I also think gang trafficking is different than other kinds of trafficking. I don’t know what it was really like for the other women being trafficked with me, but I know it was different than it was for me. And I know I can tell my story and they can’t.
I think one really big difference is feeling you don’t deserve better treatment (which some survivors feel) implies an assumption of a fair society. Society is fair and it is, according to this view, your own fault you are being treated badly. It is easier for a trafficker to convince a victim who has an assumption that society is fair that she/he deserves poor treatment than to change the assumption of fairness. But other people don’t have this assumption. They assume society is unfair. You can end up at the bottom of the heap quite by accident. In that case, all you need to do is strengthen this assumption that society is unfair to keep a victim in captivity. And I think this is what happened with others around me who were trafficked. They were being treated badly because society is unfair, and all that needed to be done was to intensify this assumption of unfairness.
That makes sense.
Thank you for articulating so clearly what gives people the inner power to change – a loving relationship. Wonderful Post!
Thank you Donna.
I so hear you on maintaining a distance and isolating with female friends. I’m the same to a tee. Ditto with the desire for a male role model.
There were no boundaries with my mom. She demanded to know everything and left me without a world of my own, I was simply a thing in her world.
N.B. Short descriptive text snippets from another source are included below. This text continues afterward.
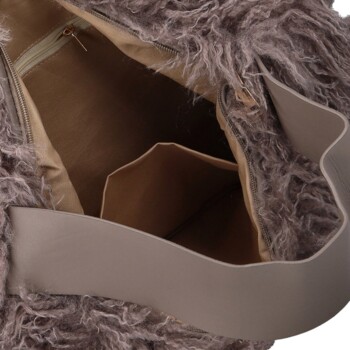 Dámska kabelka do ruky tmavo šedá - Firenze Amitai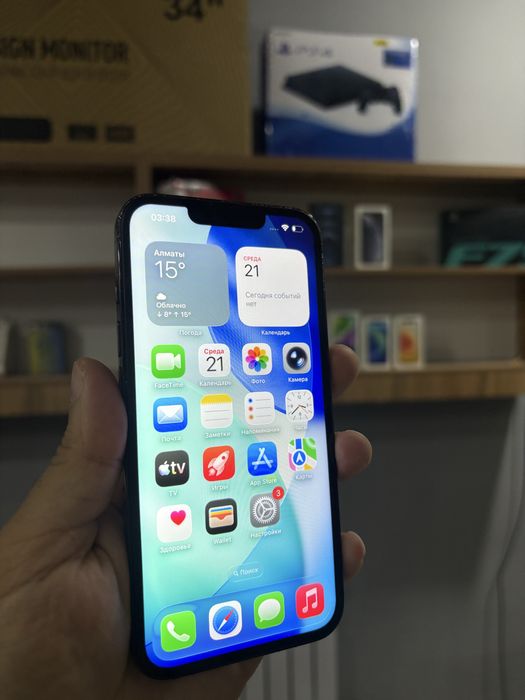 iphone 13 pro 128 gb ремонтированный!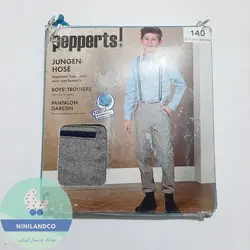 شلوار پسرانه ساسبندار PEPPERTS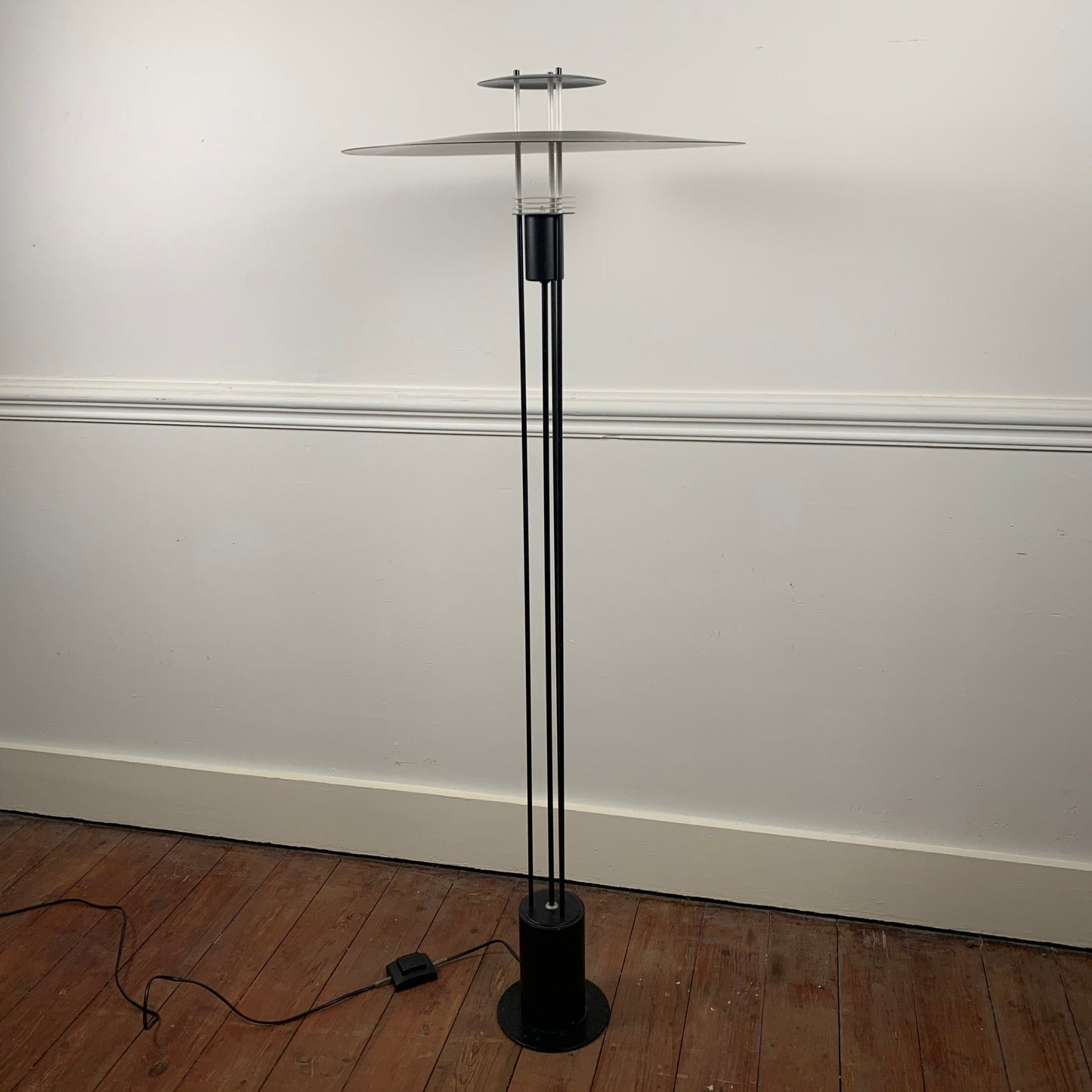 “3-Line” FloorLamp By Benny Frandsen, 1980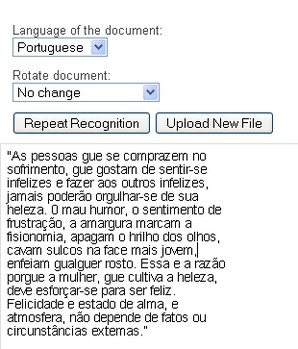 new OCR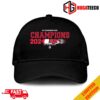 Congratulations Baltimore Ravens Is Champions Of AFC Championship Game Season 2023-2024 At Jan 28 MT Bank Stadium Logo Hat-Cap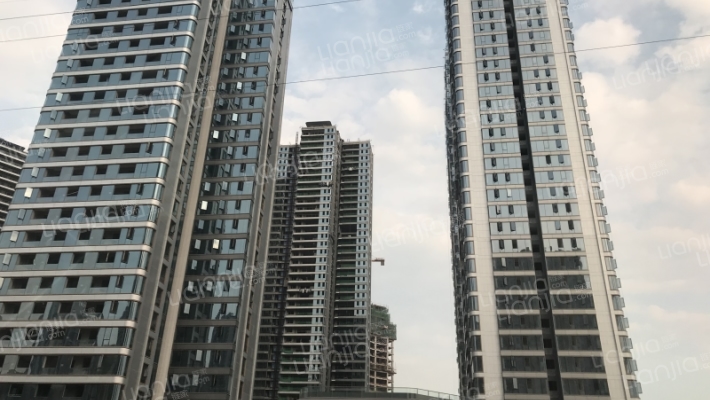 西派城一期外景图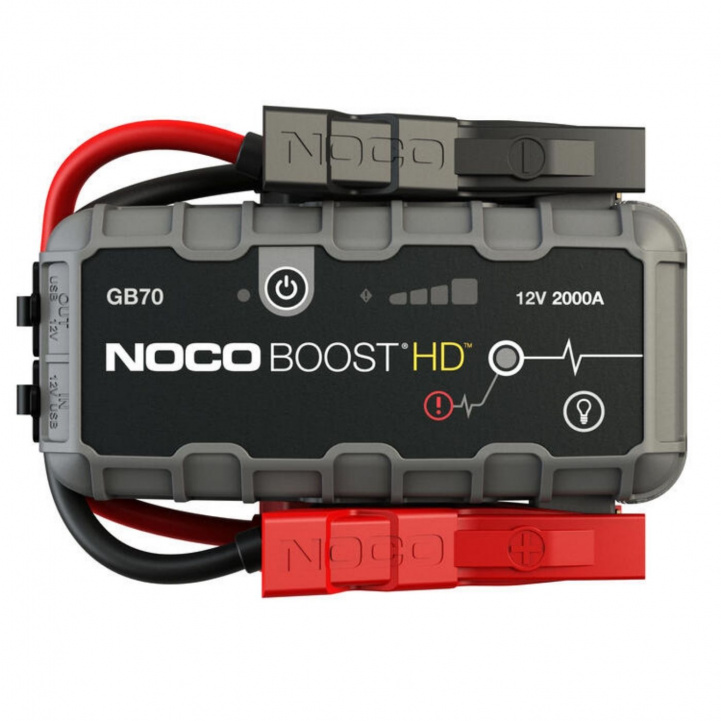 Noco Batteribooster Genius Boost HD i gruppen Campingvogn og autocamper / El - Elektronik / Batterier & Omformere / Batterier / Batteritilbehør hos Campmarket (84906)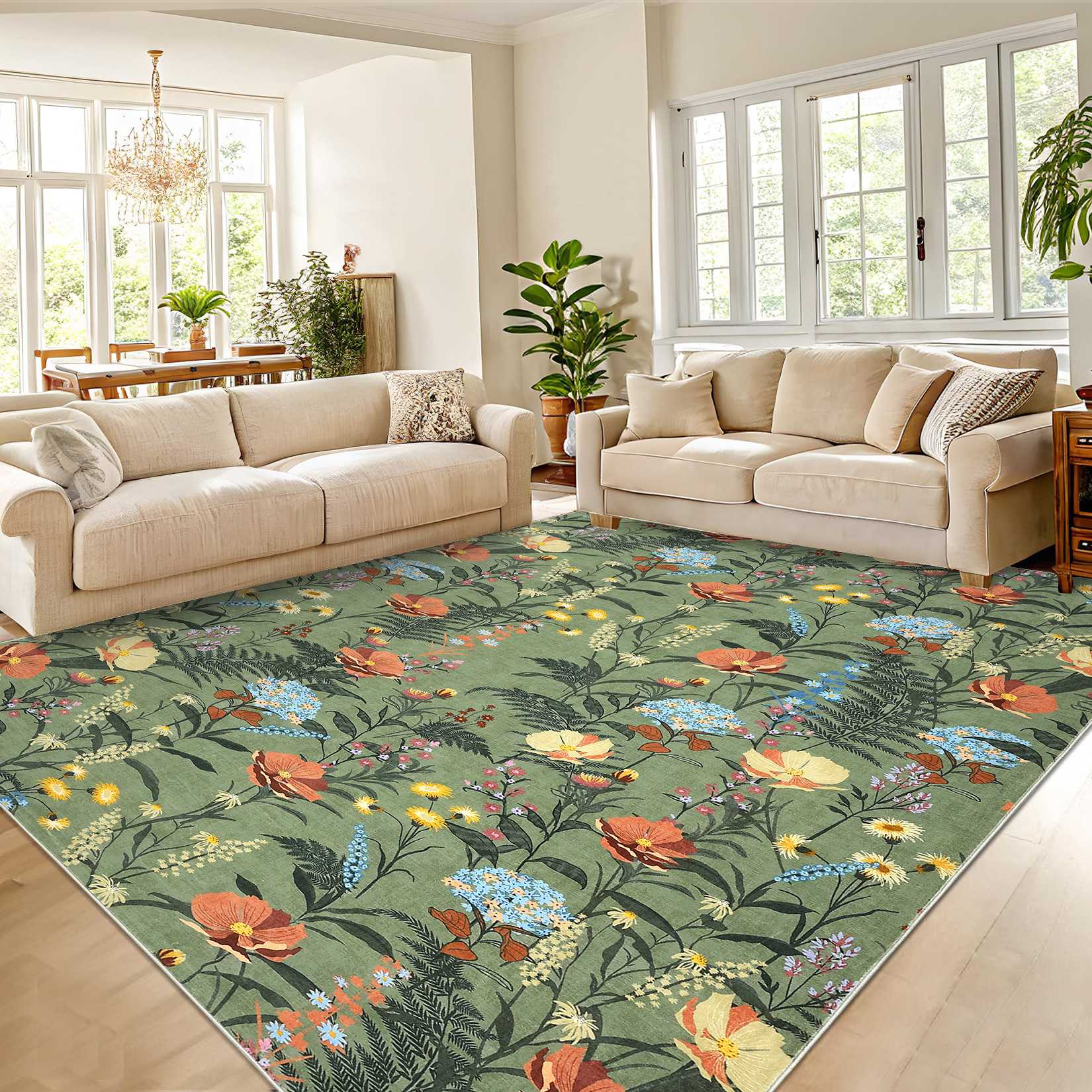 Qeetex LSN-PHK-344FLH9W rugs - View #3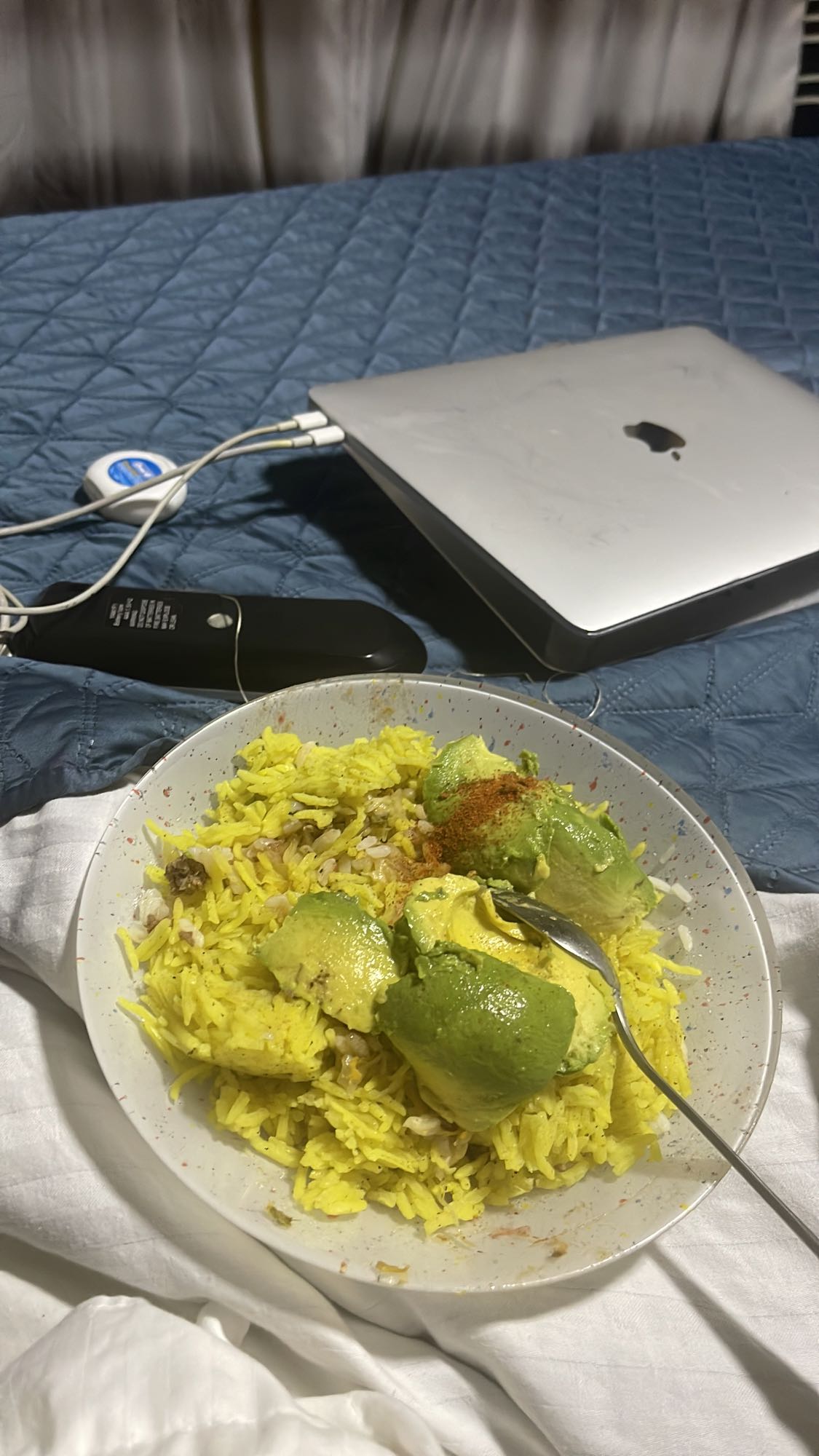 Rice with Avocado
So it’s hard for me to have relationships that have comfortable boundaries, where I can be open enough to let others in but in a way where I don’t feel striped naked and shamed, where I can simply say how I’m feeling instead of being obligated to tell every factual detail. And then be open to receiving instead of bracing for judgement.
Can you tell this has been a hot topic for me in therapy lately? 😉 In short, I agree wholeheartedly that being in a true, loving relationship is a huge part of healing. There will be missteps and questions and testing and withdrawing, those are all part of laying down survival tactics. So patience is required. But the transformation that will occur is amazing.
Yes. I do believe this is the most difficult part of traumatic response to overcome. I know you will do amazing things though. I just know it. You are so aware.
At age 64 I’m back at therapy. I’m trying to heal my inner child. I have C-PTSD and attachment issues (being an ACoA).
With the birth of my grandson ~ 2 years ago, I was being triggered often. It may be due to the fact that he looks so much like I did at that age.
“Shame and self-hate did not start with me, but in my heart, I deign that they will stop with me. I will do unto myself as I would have others do unto me” .
♥ Thanks for “sharing” your wisdom.
That is beautiful Nancy. Thank you for all you are doing to change the course of trauma.
I can relate to all that you posted. I am in an emtional absent relationship. I am having a hard time getting out of it. I have a very demanding job and I find myself so overwhelmed.
I am sending my love and light to you Angie!